Митюша был глуп, некрасив; он ходил замазулею; чем мог он нравиться? А – угодил, был отмечен; его приглашали к Мандро; Эдуард Эдуардыч его – обласкал; гимназист стал торчать среди сверстниц Лизаши, посиживать молча с Лизашей в лазоревом сумраке, а Эдуард Эдуардович им покровительствовал; что ж такого? Ведь в доме Мандро все бывали, как дома; не с улицы же – из почтенных семейств появлялись, и – да: Эдуард Эдуардович очень любил, чтобы в доме его было тонно и чинно: лакей, принимавший гостей, носил галстух, был в белых перчатках, а руководящая чаем почтенная дама была фешенебельна; вин не давали: так что ж? И притом – в наше время; Лизаша бывала: в театрах, в концертах, в «Кружке» и в «Свободной эстетике»; сам Эдуард Эдуардыч случайно являлся на этих журфиксах (он вечно куда то спешил), застревал на полчасика, великолепно осклабливаясь, беря под руку ту иль другого, показывал, что он им равный: «Мои молодые друзья!» И потом исчезал, не желая стеснять.

Удивляло Митюшу одно: Эдуард Эдуардович все принимался расспрашивать о предстоящих работах Иван Иваныча, сильно, внушавших ему интерес; но с отцом – не знакомился; вежливость, что ли, ему диктовала расспросы? Порою Митюше казалось: внимание к нему в фон мандровской квартире питается лишь информациями об Иване Иваныче.

– Вы передайте мое уважение батюшке вашему: чту его имя и труд.

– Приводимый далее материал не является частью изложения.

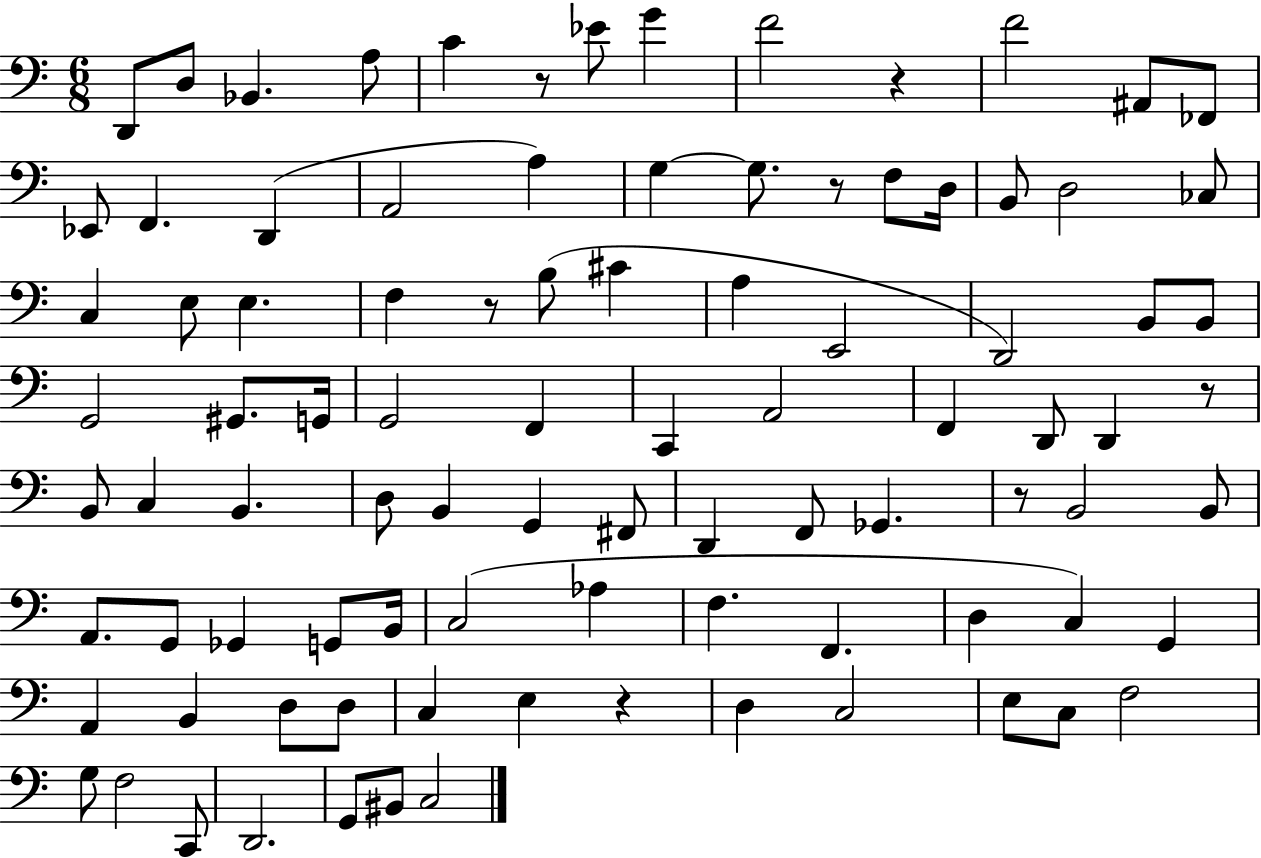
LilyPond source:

{
  \clef bass
  \numericTimeSignature
  \time 6/8
  \key c \major
  d,8 d8 bes,4. a8 | c'4 r8 ees'8 g'4 | f'2 r4 | f'2 ais,8 fes,8 | \break ees,8 f,4. d,4( | a,2 a4) | g4~~ g8. r8 f8 d16 | b,8 d2 ces8 | \break c4 e8 e4. | f4 r8 b8( cis'4 | a4 e,2 | d,2) b,8 b,8 | \break g,2 gis,8. g,16 | g,2 f,4 | c,4 a,2 | f,4 d,8 d,4 r8 | \break b,8 c4 b,4. | d8 b,4 g,4 fis,8 | d,4 f,8 ges,4. | r8 b,2 b,8 | \break a,8. g,8 ges,4 g,8 b,16 | c2( aes4 | f4. f,4. | d4 c4) g,4 | \break a,4 b,4 d8 d8 | c4 e4 r4 | d4 c2 | e8 c8 f2 | \break g8 f2 c,8 | d,2. | g,8 bis,8 c2 | \bar "|."
}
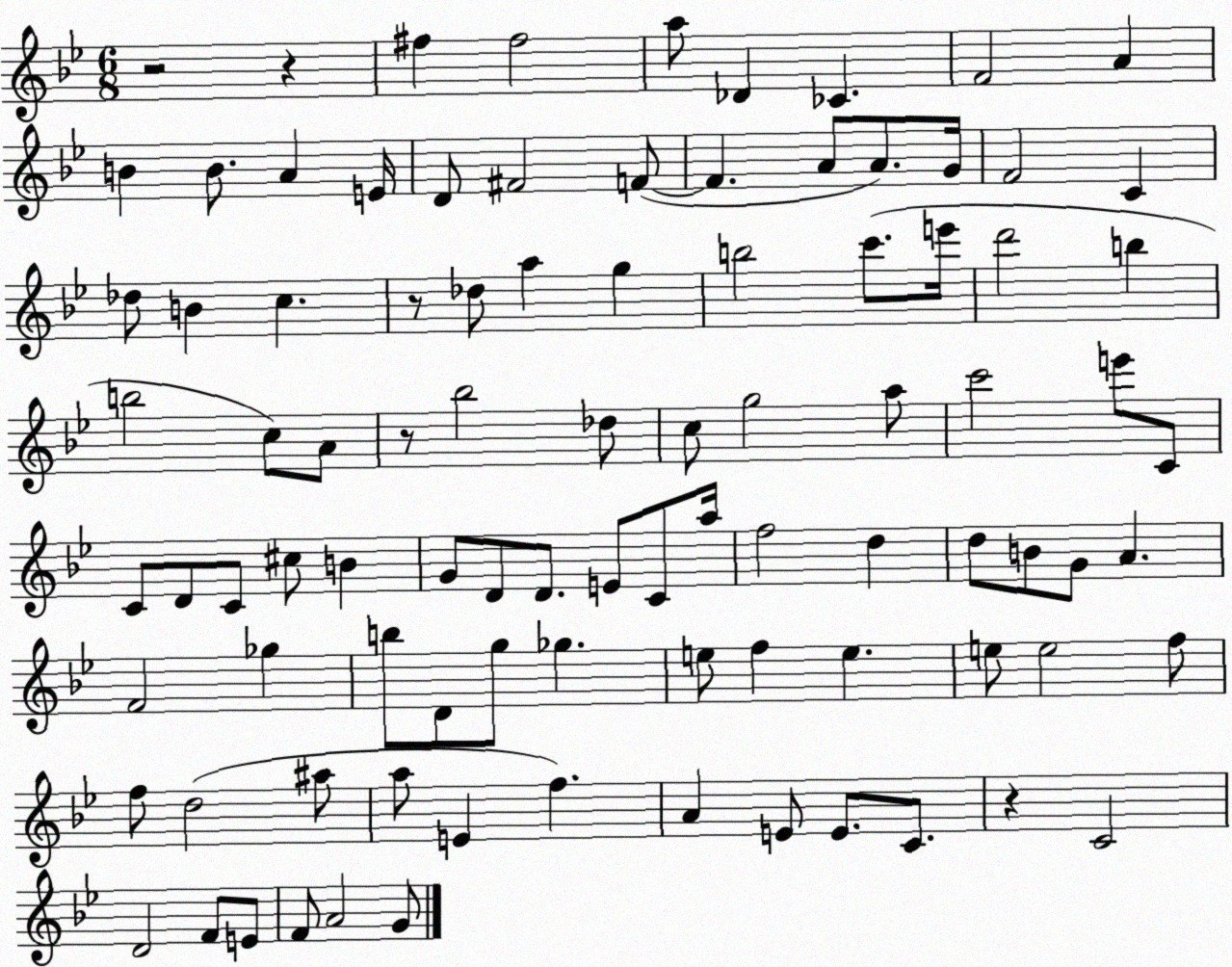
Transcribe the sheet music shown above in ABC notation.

X:1
T:Untitled
M:6/8
L:1/4
K:Bb
z2 z ^f ^f2 a/2 _D _C F2 A B B/2 A E/4 D/2 ^F2 F/2 F A/2 A/2 G/4 F2 C _d/2 B c z/2 _d/2 a g b2 c'/2 e'/4 d'2 b b2 c/2 A/2 z/2 _b2 _d/2 c/2 g2 a/2 c'2 e'/2 C/2 C/2 D/2 C/2 ^c/2 B G/2 D/2 D/2 E/2 C/2 a/4 f2 d d/2 B/2 G/2 A F2 _g b/2 D/2 g/2 _g e/2 f e e/2 e2 f/2 f/2 d2 ^a/2 a/2 E f A E/2 E/2 C/2 z C2 D2 F/2 E/2 F/2 A2 G/2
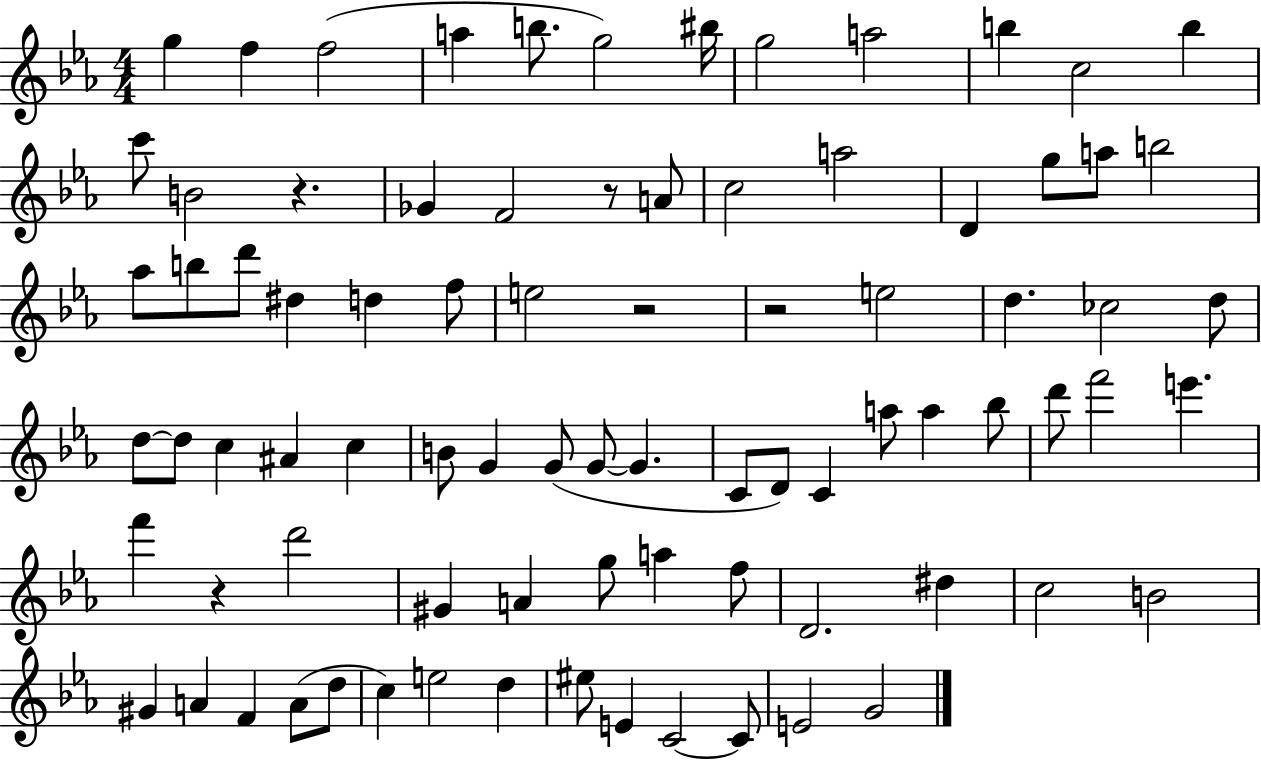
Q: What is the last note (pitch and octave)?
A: G4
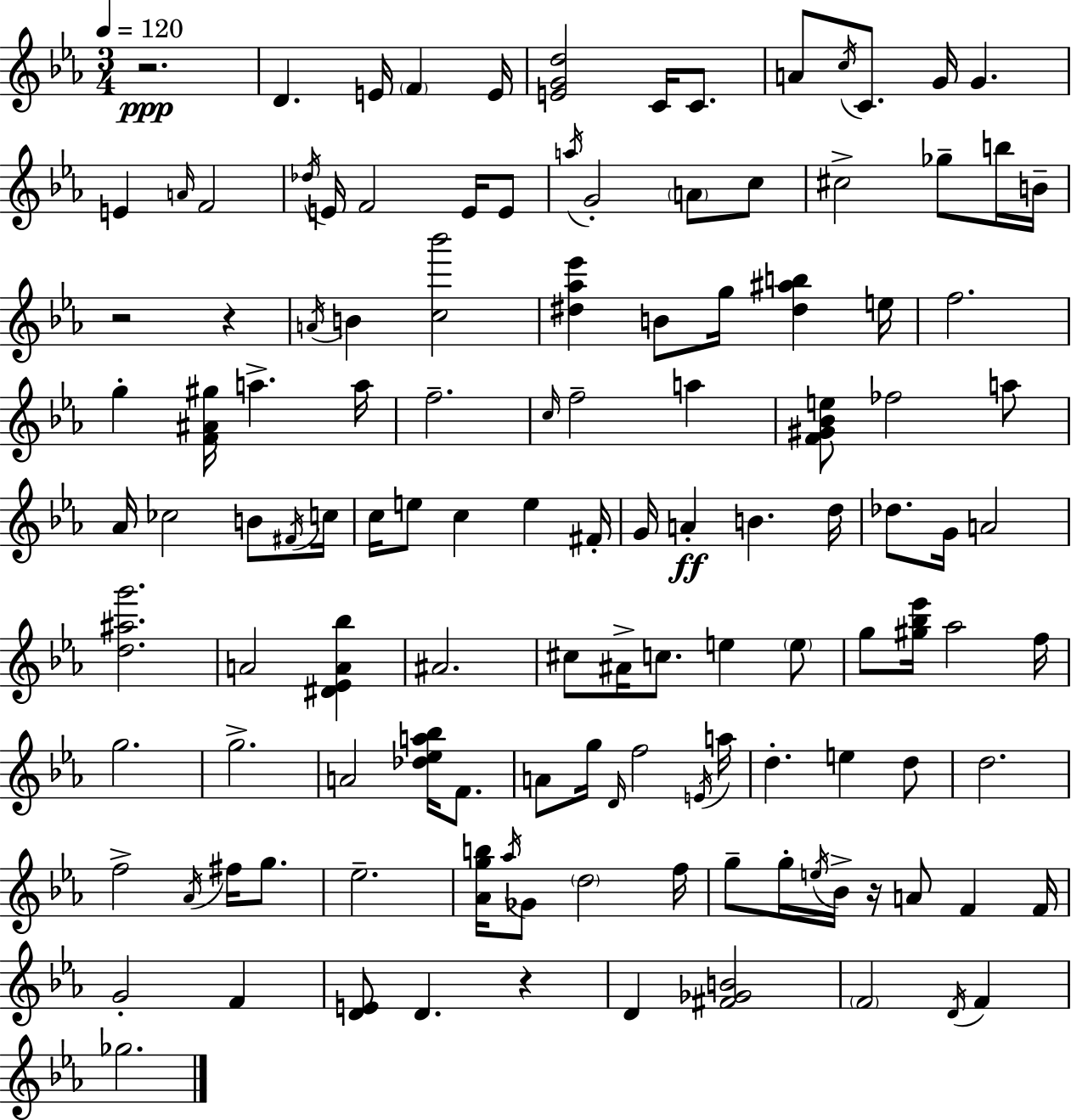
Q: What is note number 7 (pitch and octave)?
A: A4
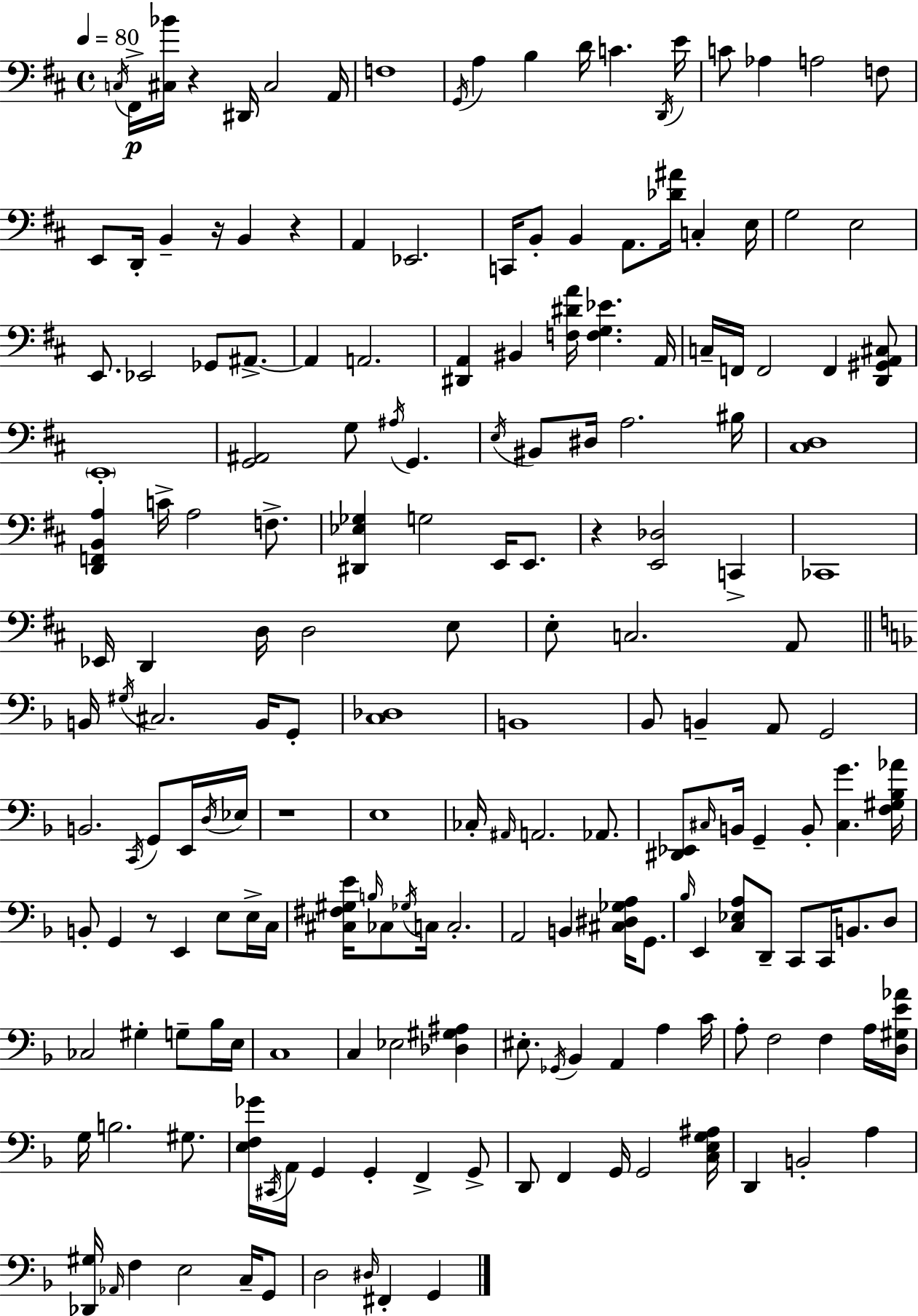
{
  \clef bass
  \time 4/4
  \defaultTimeSignature
  \key d \major
  \tempo 4 = 80
  \acciaccatura { c16 }\p fis,16-> <cis bes'>16 r4 dis,16 cis2 | a,16 f1 | \acciaccatura { g,16 } a4 b4 d'16 c'4. | \acciaccatura { d,16 } e'16 c'8 aes4 a2 | \break f8 e,8 d,16-. b,4-- r16 b,4 r4 | a,4 ees,2. | c,16 b,8-. b,4 a,8. <des' ais'>16 c4-. | e16 g2 e2 | \break e,8. ees,2 ges,8 | ais,8.->~~ ais,4 a,2. | <dis, a,>4 bis,4 <f dis' a'>16 <f g ees'>4. | a,16 c16-- f,16 f,2 f,4 | \break <d, gis, a, cis>8 \parenthesize e,1-. | <g, ais,>2 g8 \acciaccatura { ais16 } g,4. | \acciaccatura { e16 } bis,8 dis16 a2. | bis16 <cis d>1 | \break <d, f, b, a>4 c'16-> a2 | f8.-> <dis, ees ges>4 g2 | e,16 e,8. r4 <e, des>2 | c,4-> ces,1 | \break ees,16 d,4 d16 d2 | e8 e8-. c2. | a,8 \bar "||" \break \key f \major b,16 \acciaccatura { gis16 } cis2. b,16 g,8-. | <c des>1 | b,1 | bes,8 b,4-- a,8 g,2 | \break b,2. \acciaccatura { c,16 } g,8 | e,16 \acciaccatura { d16 } ees16 r1 | e1 | ces16-. \grace { ais,16 } a,2. | \break aes,8. <dis, ees,>8 \grace { cis16 } b,16 g,4-- b,8-. <cis g'>4. | <f gis bes aes'>16 b,8-. g,4 r8 e,4 | e8 e16-> c16 <cis fis gis e'>16 \grace { b16 } ces8 \acciaccatura { ges16 } c16 c2.-. | a,2 b,4 | \break <cis dis ges a>16 g,8. \grace { bes16 } e,4 <c ees a>8 d,8-- | c,8 c,16 b,8. d8 ces2 | gis4-. g8-- bes16 e16 c1 | c4 ees2 | \break <des gis ais>4 eis8.-. \acciaccatura { ges,16 } bes,4 | a,4 a4 c'16 a8-. f2 | f4 a16 <d gis e' aes'>16 g16 b2. | gis8. <e f ges'>16 \acciaccatura { cis,16 } a,16 g,4 | \break g,4-. f,4-> g,8-> d,8 f,4 | g,16 g,2 <c e g ais>16 d,4 b,2-. | a4 <des, gis>16 \grace { aes,16 } f4 | e2 c16-- g,8 d2 | \break \grace { dis16 } fis,4-. g,4 \bar "|."
}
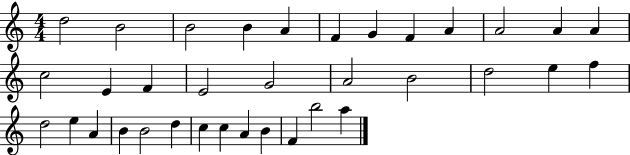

Митя раз убедился: заслуги отца даже просто Мандро волновали: недавно с Лизашей сидели они тэт а тэт – в уголочке, в лазоревом сумраке, чем то своим занималися; а в кабинете Мандро поднялись голоса; там сидел, видимо, немец, наверно – агент очень крупного треста; куски разговора меж ним и Мандро долетели до Мити:

– Вас заген зи… я… Колоссаль, гениаль… Херр профессор Коробкин… мит зайнер энтдекунг… Вир верден… Дас ист, я, айн тат… Им цукунфтиген криг, внесен зи… 7



Митя был удивлен, что Мандро говорит об Иване Иваныче так с незнакомым, заезжим в Москву, иностранцем; запомнил: когда Эдуард Эдуардович вышел в гостиную с рыжим, потеющим немцем, имеющим бородавку у носа, – то распространился удушливый запах сигары; Мандро наклонился к немцу, шепнул, – толкнув локтем – на Митю:

– Дас ист, я, – зайн зон… 8



Очевидно: приезжему был он показан как сын знаменитости; сам Эдуард Эдуардович был вдалеке от науки; он плавал в своих спекуляциях, часто рискованных. То пронеслося в сознании Мити – теперь; захотелось к Мандро; для Лизаши душился с недавнего времени одеколоном цветочным он; одеколон этот вышел; и, стало быть, – думал он, – если бы книжки спустить, рупь с полтиной – составится.
4
Мимо же шли: мальчуган проюркнул из кривой подворотни; попёр черномордик; проерзала кофточка; пер желто рожий детина, показывая шелудивый желвак; проскромнели две женщины; скрылись в подъезде; и желтая там борода повалила; отмахивали – одиночки: шли – по двое, по трое; кучей, вразноску, вразмашку, враскачку – с подскоком, семейственно; шли там караковые иль – подвласые, сивые, пегие, бурочалые люди.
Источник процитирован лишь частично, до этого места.